Отрывок, характеризующий Народный календарь восточных славян

При начале мазурки Борис видел, что генерал адъютант Балашев, одно из ближайших лиц к государю, подошел к нему и непридворно остановился близко от государя, говорившего с польской дамой. Поговорив с дамой, государь взглянул вопросительно и, видно, поняв, что Балашев поступил так только потому, что на то были важные причины, слегка кивнул даме и обратился к Балашеву. Только что Балашев начал говорить, как удивление выразилось на лице государя. Он взял под руку Балашева и пошел с ним через залу, бессознательно для себя расчищая с обеих сторон сажени на три широкую дорогу сторонившихся перед ним. Борис заметил взволнованное лицо Аракчеева, в то время как государь пошел с Балашевым. Аракчеев, исподлобья глядя на государя и посапывая красным носом, выдвинулся из толпы, как бы ожидая, что государь обратится к нему. (Борис понял, что Аракчеев завидует Балашеву и недоволен тем, что какая то, очевидно, важная, новость не через него передана государю.)
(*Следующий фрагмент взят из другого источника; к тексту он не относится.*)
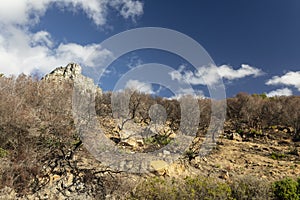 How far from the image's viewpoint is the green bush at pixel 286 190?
10445 millimetres

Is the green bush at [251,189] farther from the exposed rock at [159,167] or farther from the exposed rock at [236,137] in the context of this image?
the exposed rock at [236,137]

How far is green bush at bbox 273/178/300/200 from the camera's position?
10.4 m

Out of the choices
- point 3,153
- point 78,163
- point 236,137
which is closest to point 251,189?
point 78,163

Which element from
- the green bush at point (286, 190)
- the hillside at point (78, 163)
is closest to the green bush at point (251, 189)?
the hillside at point (78, 163)

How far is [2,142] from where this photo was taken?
10711 millimetres

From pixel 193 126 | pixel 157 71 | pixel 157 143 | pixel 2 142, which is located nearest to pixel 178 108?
pixel 193 126

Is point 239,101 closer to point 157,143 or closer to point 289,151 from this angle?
point 289,151

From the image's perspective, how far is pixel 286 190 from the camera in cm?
1062

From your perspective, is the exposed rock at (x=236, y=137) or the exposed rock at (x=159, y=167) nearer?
the exposed rock at (x=159, y=167)

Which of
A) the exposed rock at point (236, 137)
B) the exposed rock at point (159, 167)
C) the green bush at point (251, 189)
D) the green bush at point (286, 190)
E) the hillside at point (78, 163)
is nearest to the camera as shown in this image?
the hillside at point (78, 163)

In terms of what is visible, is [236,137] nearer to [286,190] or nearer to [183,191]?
[286,190]

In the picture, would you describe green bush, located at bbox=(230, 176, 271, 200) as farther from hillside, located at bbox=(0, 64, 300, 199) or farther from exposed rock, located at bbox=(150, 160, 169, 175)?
exposed rock, located at bbox=(150, 160, 169, 175)

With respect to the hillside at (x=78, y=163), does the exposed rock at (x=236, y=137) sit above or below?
above

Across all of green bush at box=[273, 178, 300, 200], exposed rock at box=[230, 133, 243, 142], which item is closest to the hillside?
green bush at box=[273, 178, 300, 200]
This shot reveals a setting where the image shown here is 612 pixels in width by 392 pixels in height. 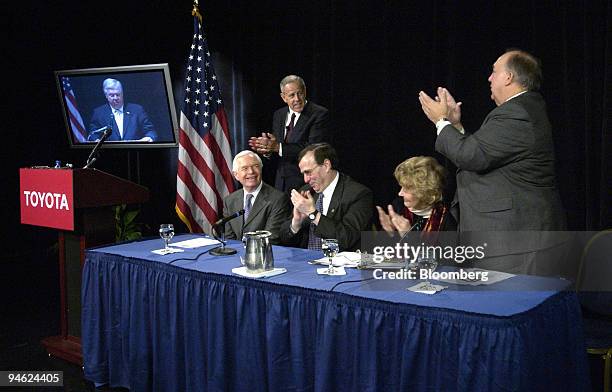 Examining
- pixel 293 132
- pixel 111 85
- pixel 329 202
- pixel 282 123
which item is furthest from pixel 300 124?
pixel 111 85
Но государь с Балашевым прошли, не замечая Аракчеева, через выходную дверь в освещенный сад. Аракчеев, придерживая шпагу и злобно оглядываясь вокруг себя, прошел шагах в двадцати за ними.
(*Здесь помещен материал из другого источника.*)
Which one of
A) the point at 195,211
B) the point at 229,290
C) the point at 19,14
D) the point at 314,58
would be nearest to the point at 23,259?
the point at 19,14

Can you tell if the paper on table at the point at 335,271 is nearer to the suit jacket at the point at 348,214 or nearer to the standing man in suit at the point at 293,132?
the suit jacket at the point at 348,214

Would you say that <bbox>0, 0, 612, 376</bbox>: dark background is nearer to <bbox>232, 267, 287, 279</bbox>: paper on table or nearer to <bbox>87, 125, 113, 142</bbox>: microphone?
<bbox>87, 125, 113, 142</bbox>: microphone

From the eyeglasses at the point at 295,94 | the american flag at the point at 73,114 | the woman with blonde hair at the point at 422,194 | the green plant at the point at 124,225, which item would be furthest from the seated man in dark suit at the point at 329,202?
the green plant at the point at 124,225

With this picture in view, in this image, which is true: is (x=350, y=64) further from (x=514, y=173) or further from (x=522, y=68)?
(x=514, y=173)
Пока Борис продолжал делать фигуры мазурки, его не переставала мучить мысль о том, какую новость привез Балашев и каким бы образом узнать ее прежде других.
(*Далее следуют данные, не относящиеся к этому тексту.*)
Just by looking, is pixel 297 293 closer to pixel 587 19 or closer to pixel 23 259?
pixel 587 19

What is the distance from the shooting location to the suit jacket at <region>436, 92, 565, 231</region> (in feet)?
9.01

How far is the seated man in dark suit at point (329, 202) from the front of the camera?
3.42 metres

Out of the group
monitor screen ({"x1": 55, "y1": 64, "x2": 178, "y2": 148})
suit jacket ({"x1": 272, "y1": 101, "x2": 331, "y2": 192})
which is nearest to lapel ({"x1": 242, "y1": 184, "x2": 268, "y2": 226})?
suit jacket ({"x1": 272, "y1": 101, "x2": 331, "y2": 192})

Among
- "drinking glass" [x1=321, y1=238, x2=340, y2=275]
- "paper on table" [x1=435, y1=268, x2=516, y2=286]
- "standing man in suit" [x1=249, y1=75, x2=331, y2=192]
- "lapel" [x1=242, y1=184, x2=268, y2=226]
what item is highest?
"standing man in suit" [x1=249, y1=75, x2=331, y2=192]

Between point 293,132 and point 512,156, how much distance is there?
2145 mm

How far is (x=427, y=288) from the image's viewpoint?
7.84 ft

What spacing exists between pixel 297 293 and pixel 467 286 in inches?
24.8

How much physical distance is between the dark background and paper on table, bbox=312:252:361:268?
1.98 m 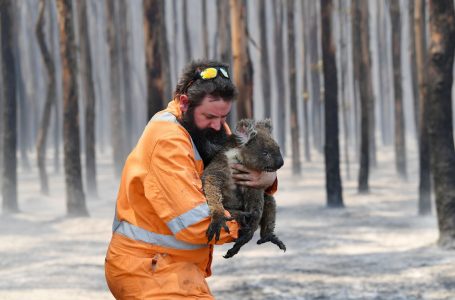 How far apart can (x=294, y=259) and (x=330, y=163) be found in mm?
6636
В фигуре, где ему надо было выбирать дам, шепнув Элен, что он хочет взять графиню Потоцкую, которая, кажется, вышла на балкон, он, скользя ногами по паркету, выбежал в выходную дверь в сад и, заметив входящего с Балашевым на террасу государя, приостановился. Государь с Балашевым направлялись к двери. Борис, заторопившись, как будто не успев отодвинуться, почтительно прижался к притолоке и нагнул голову.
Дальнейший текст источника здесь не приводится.